Exercise prompt: Output the line containing "Funko pop town" and each line after it through the end of the data, exactly as written, with pictures left out.

Record excerpts:
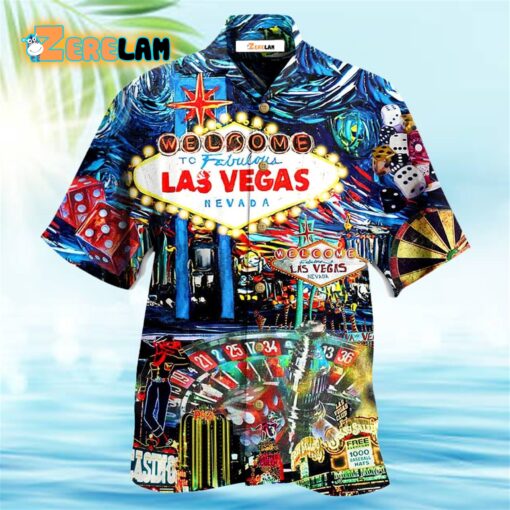 Las Vegas Welcome Every Body Hawaiian Shirt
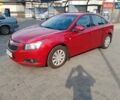 Красный Шевроле Круз, объемом двигателя 1.6 л и пробегом 170 тыс. км за 7500 $, фото 1 на Automoto.ua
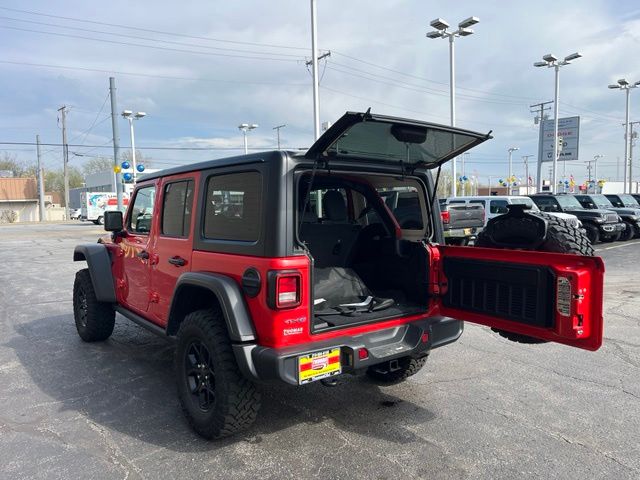 Used 2025 Jeep Wrangler Willys 4xe For Sale in Highland, IN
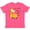Vintage Hot Pink, variant on Inktastic My Auntie Loves Me Youth T-Shirt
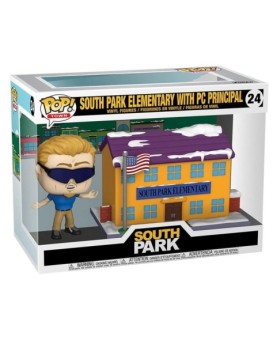 Funko pop town south park elementary con pc principal 51632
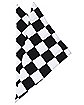 Black and White Checkered Bandana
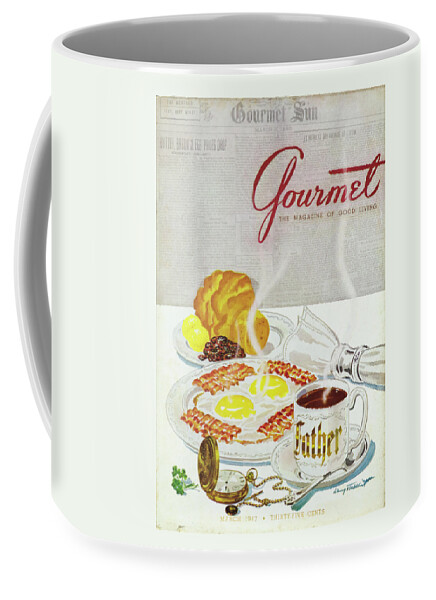 Gourmet Cover Of Breakfast Coffee Mug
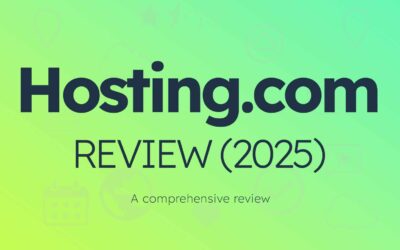 Hosting Review (Oct 2025)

Solution:
 Funko pop town south park elementary con pc principal 51632
 Black and White Checkered Bandana
 Gourmet Cover Of Breakfast Coffee Mug
 Hosting Review (Oct 2025)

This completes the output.